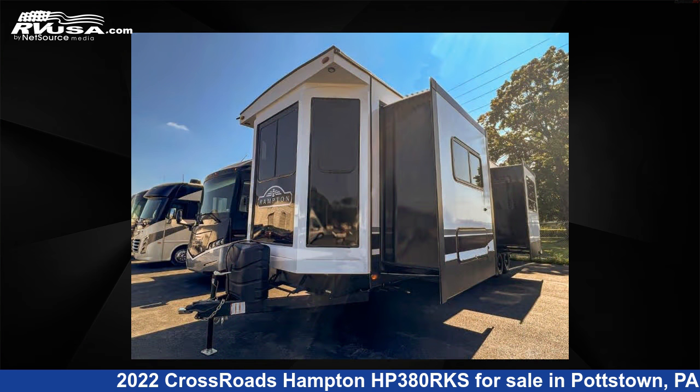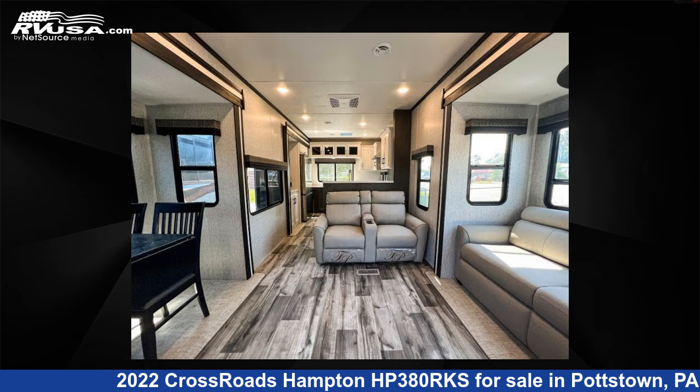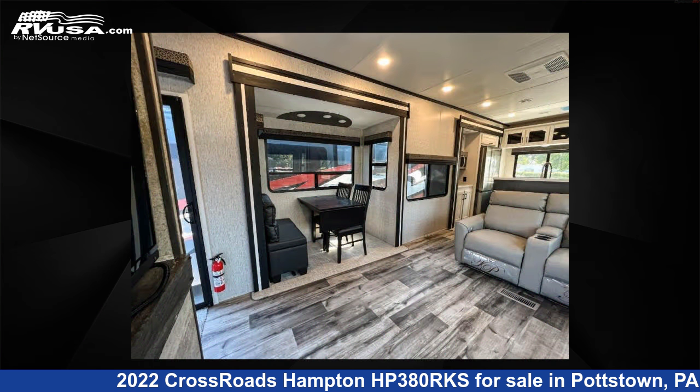This new Crossroads features four slide-outs, sleeps four, and 66 gallons freshwater capacity. The floor plan layout of this destination trailer features a front bedroom, rear kitchen, and two entry and exit doors.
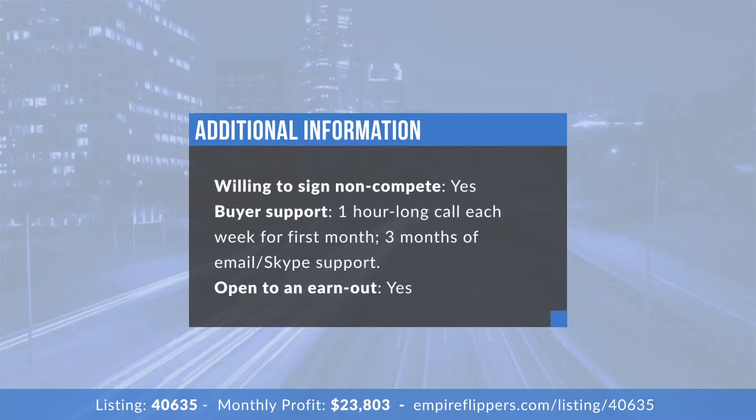Would you be open to an earn-out structure, say 70% upfront and 30% after hitting goals? Yes, I'd be open to it — obviously cash wins if there are multiple bids, but given the size I understand it's not easy to finance all upfront. We'd want to vet the buyer carefully. We sold a previous site with an earn-out where the buyer let the business fall apart, so we want to make sure the buyer will actually work the business and earn the earn-out.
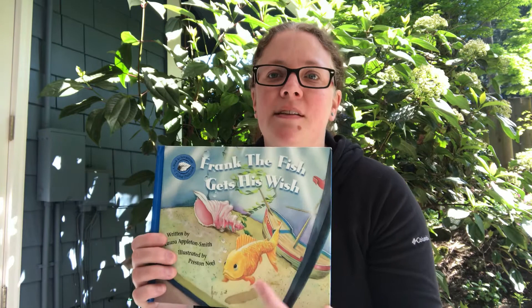I know this is one of our favorites too. It's called Frank the Fish Gets His Wish. This is a really long book — it has three chapters. So we're just going to read the first chapter today, and then next week we'll read the next chapter. It's going to take a little bit of time to get through the whole book. So it's about this fish named Frank. Let's see what happens to it.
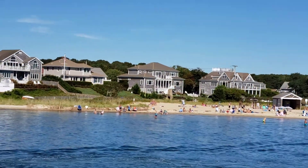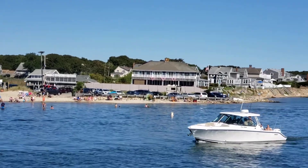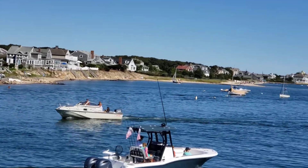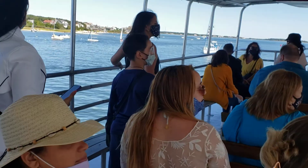If you'll direct your attention back over to the right or starboard side, you're going to see this nice residential area. This is known as Daisy or Harbor Block, and the residents here can dock their boats right outside their homes, making it very convenient to go boating or sailing on Lewis Bay.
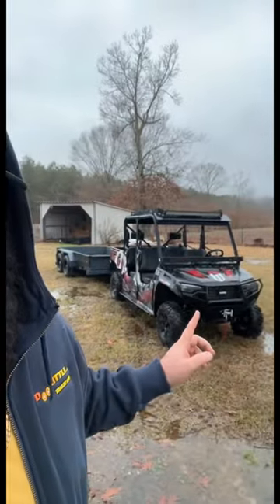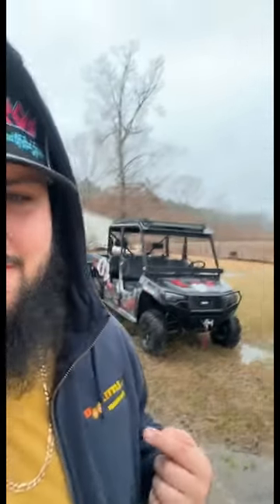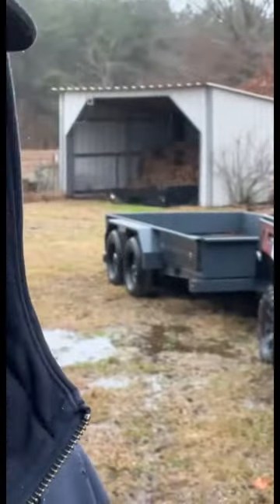Somebody just mentioned me and asked me — yes, I am still giving away the side-by-side. It's a Tracker 4-seater. It's got a Doolittle dump trailer behind it. Super cool, low-pro, double-axle, pretty slick.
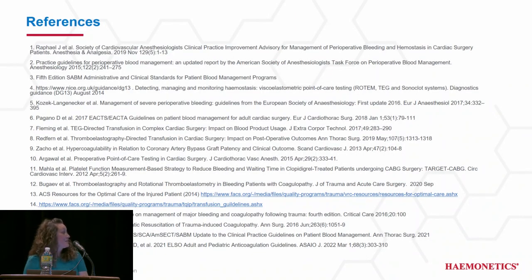These are my references. This concludes my presentation and I'll open it up for any questions.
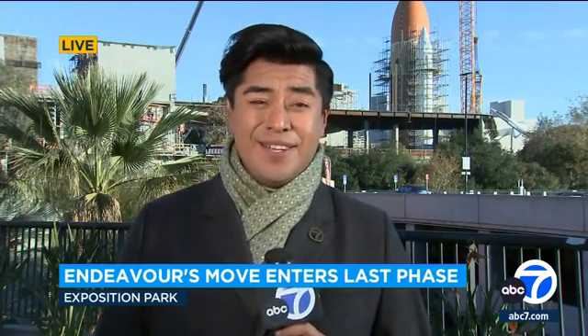Mark, Irene, good morning. Definitely a backdrop, a sight to see for sure here at Exposition Park.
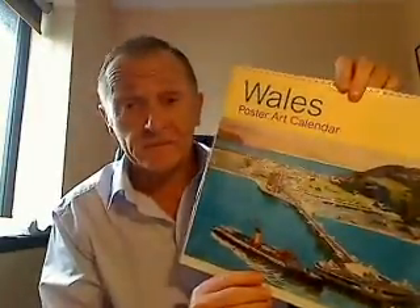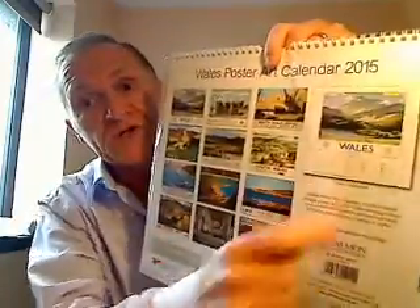The calendar is 12 inches square and comes with its own mailing envelope and has space below each image for writing your own reminders.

********************

# What needs to be done
Set down the records precisely as they appear. Any picture stays out.

# Exercise response
This new Crossroads features four slide-outs, sleeps four, and 66 gallons freshwater capacity. The floor plan layout of this destination trailer features a front bedroom, rear kitchen, and two entry and exit doors.
Would you be open to an earn-out structure, say 70% upfront and 30% after hitting goals? Yes, I'd be open to it — obviously cash wins if there are multiple bids, but given the size I understand it's not easy to finance all upfront. We'd want to vet the buyer carefully. We sold a previous site with an earn-out where the buyer let the business fall apart, so we want to make sure the buyer will actually work the business and earn the earn-out.
I know this is one of our favorites too. It's called Frank the Fish Gets His Wish. This is a really long book — it has three chapters. So we're just going to read the first chapter today, and then next week we'll read the next chapter. It's going to take a little bit of time to get through the whole book. So it's about this fish named Frank. Let's see what happens to it.
If you'll direct your attention back over to the right or starboard side, you're going to see this nice residential area. This is known as Daisy or Harbor Block, and the residents here can dock their boats right outside their homes, making it very convenient to go boating or sailing on Lewis Bay.
Somebody just mentioned me and asked me — yes, I am still giving away the side-by-side. It's a Tracker 4-seater. It's got a Doolittle dump trailer behind it. Super cool, low-pro, double-axle, pretty slick.
These are my references. This concludes my presentation and I'll open it up for any questions.
Mark, Irene, good morning. Definitely a backdrop, a sight to see for sure here at Exposition Park.
The calendar is 12 inches square and comes with its own mailing envelope and has space below each image for writing your own reminders.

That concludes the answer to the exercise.